Producer: Acrobat Distiller 9.2.0 (Windows)
PDFINFO APACHE PDF
An example of data returned by running it on a PDF document: Title: test1.pdf One of those files is pdfinfo (or pdfinfo.exe for Windows).
PDFINFO APACHE DOWNLOAD
You download a compressed file containing several little PDF-related programs. It is downloadable for Linux and Windows. So, what does work reliable and accurate?Ī simple command line executable called: pdfinfo. /\/N\s+(\d+)/ (looks for /N ) doesn't work either, as the documents can contain multiple values of /N most, if not all, not containing the pagecount./\/Page\W*(\d+)/ (looks for /Page) doesn't get the number of pages, mostly contains some other data./\/Count\s+(\d+)/ (looks for /Count ) doesn't work because only a few documents have the parameter /Count inside, so most of the time it doesn't return anything.If(preg_match_all( $regex, $content, $matches)) Regular Expressions found by Googling (all linked to SO answers): $regex = "/\/Count\s+(\d+)/" $content = fread ( $stream, filesize( $f)) This opens the PDF file in a stream and searches for some kind of string, containing the pagecount or something similar.
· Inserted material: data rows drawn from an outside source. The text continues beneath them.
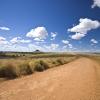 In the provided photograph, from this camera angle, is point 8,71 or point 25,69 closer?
point 8,71

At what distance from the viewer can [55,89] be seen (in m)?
11.4

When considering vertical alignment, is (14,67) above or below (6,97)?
above

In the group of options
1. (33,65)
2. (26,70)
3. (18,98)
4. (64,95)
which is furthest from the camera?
(33,65)

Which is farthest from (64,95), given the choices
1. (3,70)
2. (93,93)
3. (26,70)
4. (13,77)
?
(26,70)

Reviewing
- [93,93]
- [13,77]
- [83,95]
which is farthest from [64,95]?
[13,77]

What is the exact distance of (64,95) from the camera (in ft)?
33.6

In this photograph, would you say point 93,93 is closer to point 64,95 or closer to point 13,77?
point 64,95

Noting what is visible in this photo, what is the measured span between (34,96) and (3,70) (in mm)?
7191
Opening a stream and search with a regular expression: It then returns an error:įPDF error: This document (test_1.pdf) probably uses a compression technique which is not supported by the free parser shipped with FPDI.


PDFINFO APACHE INSTALL
Using FPDI (a PHP library)įPDI is easy to use and install (just extract files and call a PHP script), BUT many of the compression techniques are not supported by FPDI. That was with both the getNumberImages() and identifyImage() methods. Imagick requires a lot of installation, apache needs to restart, and when I finally had it working, it took amazingly long to process (2-3 minutes per document) and it always returned 1 page in every document (haven't seen a working copy of Imagick so far), so I threw it away. Here are some of the answers I found insufficient or simply NOT working: Using Imagick (a PHP extension) PDF documents come from many different clients, so they aren't generated with the same application and/or don't use the same compression method. Since I work for a graphic printing and reproduction company that works a lot with PDFs, the number of pages in a document must be precisely known before they are processed. Many hours have I searched for a fast and easy, but mostly accurate, way to get the number of pages in a PDF document. The solution is the accepted answer below. This is clearly not the case in general for all versions of pdfinfo, since it totally works fine on wikipedia and friends.Įrr, the flow post had the actual useful information.This question is for referencing and comparing. Using which pdfinfo and what version of it (There are multiple forks of the pdfinfo utility). and " -l 999999" or at least parameter "meta" (losing some metadata").Ĭould be solved by refactoring different information requests in separate function calls with differnt parameters! It helps to comment out the two lines in this function with "-meta". meta! Image size will be registered in database with 0 x 0 pixel and thumbnail/picture of pdf page won't be rendered.

Pdfinfo has changed its behavior, so trying to read image size in function retrieveMetaData() (in file ) you don't get expected result while using parameter.